Another testing problem has arisen due to the increase in memory device complexity. That is, the increased complexity of memory devices has perhaps been most noted in the area of increased density, which has allowed memory devices to essentially be included, or embedded, along with other types of circuitry in integrated circuit devices. Because an embedded memory is typically not directly accessible from the external input/output (I/O) pins of an integrated circuit device, it is difficult to fully test the embedded memory.
One solution for testing an embedded memory, as well as other types of embedded circuitry, is to employ built-in-self-test (BIST) circuitry in an integrated circuit device along with the embedded memory and the other types of embedded circuitry.

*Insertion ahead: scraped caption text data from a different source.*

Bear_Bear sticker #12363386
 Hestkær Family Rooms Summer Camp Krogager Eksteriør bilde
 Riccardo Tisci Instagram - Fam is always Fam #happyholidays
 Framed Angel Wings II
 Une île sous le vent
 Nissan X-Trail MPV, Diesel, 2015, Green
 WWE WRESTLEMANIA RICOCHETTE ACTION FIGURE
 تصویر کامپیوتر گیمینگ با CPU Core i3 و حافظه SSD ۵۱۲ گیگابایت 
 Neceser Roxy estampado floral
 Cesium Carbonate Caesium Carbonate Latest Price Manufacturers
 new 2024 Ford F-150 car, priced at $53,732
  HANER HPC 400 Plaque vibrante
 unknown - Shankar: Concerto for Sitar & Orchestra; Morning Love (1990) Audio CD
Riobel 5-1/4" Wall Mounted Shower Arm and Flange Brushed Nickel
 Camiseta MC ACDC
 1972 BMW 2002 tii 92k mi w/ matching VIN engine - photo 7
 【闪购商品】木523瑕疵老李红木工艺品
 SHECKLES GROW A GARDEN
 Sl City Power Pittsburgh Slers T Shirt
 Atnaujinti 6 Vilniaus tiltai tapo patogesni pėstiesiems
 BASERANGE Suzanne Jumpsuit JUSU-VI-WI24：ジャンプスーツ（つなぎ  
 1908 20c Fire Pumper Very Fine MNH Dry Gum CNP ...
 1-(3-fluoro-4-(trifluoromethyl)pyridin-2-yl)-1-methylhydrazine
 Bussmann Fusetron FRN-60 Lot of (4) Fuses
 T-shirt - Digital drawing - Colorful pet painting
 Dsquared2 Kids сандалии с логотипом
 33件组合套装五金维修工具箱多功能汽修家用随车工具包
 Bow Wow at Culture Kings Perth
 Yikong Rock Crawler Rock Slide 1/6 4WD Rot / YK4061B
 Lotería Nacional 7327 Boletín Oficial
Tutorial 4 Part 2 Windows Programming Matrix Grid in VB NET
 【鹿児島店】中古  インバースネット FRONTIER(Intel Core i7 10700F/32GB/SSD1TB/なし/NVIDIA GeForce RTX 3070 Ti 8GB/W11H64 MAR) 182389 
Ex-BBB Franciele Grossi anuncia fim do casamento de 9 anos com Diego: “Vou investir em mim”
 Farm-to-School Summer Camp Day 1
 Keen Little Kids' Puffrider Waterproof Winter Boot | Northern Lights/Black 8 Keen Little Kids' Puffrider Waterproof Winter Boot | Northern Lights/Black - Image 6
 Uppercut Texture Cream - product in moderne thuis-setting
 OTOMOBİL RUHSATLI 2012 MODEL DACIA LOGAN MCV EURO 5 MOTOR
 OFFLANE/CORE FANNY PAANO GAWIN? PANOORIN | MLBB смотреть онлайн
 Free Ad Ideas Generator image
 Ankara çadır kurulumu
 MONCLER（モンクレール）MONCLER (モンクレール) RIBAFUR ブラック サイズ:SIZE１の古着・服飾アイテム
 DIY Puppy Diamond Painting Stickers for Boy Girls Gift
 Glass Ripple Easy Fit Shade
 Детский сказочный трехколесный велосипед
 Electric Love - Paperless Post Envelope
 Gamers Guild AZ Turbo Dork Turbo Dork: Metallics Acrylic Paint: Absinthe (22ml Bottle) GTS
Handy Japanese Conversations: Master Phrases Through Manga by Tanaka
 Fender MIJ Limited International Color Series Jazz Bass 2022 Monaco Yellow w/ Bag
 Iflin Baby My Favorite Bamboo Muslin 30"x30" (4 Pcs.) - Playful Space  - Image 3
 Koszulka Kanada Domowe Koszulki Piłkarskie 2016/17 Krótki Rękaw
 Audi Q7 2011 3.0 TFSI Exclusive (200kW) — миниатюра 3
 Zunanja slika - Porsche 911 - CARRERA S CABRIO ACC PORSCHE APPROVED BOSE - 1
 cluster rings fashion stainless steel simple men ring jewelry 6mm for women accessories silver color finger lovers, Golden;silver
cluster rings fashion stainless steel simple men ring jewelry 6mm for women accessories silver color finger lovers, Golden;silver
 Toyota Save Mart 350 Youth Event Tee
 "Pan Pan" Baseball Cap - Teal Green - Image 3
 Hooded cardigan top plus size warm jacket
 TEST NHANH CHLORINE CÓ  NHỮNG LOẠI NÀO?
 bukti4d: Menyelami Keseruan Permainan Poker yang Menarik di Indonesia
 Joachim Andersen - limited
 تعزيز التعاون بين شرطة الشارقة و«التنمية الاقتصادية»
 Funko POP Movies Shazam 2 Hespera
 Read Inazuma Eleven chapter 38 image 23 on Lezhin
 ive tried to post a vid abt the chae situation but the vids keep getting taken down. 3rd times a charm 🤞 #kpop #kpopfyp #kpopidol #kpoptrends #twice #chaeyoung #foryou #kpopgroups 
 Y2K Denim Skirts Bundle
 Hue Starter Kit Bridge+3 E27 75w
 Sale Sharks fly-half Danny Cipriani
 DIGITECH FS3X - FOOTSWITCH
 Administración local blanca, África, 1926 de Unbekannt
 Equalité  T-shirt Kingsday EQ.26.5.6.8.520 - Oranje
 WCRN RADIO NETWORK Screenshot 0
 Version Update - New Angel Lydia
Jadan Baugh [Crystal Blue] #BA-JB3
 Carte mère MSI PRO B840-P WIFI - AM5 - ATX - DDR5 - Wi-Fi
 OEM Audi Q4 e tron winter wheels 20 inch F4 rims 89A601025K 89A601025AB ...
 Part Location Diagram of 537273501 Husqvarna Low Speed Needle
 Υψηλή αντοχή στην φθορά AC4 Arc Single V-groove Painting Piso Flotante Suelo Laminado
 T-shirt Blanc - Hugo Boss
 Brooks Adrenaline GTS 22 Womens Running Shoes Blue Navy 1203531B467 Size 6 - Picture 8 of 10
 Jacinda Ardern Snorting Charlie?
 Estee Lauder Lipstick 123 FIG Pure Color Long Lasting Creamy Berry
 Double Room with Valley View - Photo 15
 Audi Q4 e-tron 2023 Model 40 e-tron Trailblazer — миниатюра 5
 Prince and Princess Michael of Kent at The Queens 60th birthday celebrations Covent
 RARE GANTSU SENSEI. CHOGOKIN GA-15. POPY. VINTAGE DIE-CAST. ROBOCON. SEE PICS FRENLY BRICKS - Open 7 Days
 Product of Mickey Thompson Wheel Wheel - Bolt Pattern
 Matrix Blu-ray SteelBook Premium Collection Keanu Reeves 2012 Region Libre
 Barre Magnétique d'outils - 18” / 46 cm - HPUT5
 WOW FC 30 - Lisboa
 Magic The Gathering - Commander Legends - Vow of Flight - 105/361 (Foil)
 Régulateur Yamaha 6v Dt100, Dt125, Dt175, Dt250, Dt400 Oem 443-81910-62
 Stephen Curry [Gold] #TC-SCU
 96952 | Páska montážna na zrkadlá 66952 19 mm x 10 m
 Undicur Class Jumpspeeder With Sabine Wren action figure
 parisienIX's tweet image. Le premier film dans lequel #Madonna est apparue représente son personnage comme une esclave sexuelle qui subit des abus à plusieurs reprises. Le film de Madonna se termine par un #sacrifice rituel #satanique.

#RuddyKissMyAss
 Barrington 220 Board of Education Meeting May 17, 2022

BIST circuitry is essentially control circuitry which, when activated, tests embedded memory and other types of embedded circuitry within an integrated circuit device. For example, in the case of an embedded RAM, BIST circuitry can test the embedded RAM using one of the above-described testing methods. However, the BIST circuitry is faced with the same inadequacies and shortcomings in these testing methods as have been described above. That is, the inadequacies associated with the above-described traditional testing method and the increased cost and complexity associated with the above-described diagonal pattern testing method will also be encountered by the BIST circuitry.
In view of the foregoing, it would be desirable to provide a technique for testing memory which overcomes the above-described inadequacies and shortcomings. More particularly, it would be desirable to provide a technique for testing a memory array and related circuitry in an efficient and cost effective manner.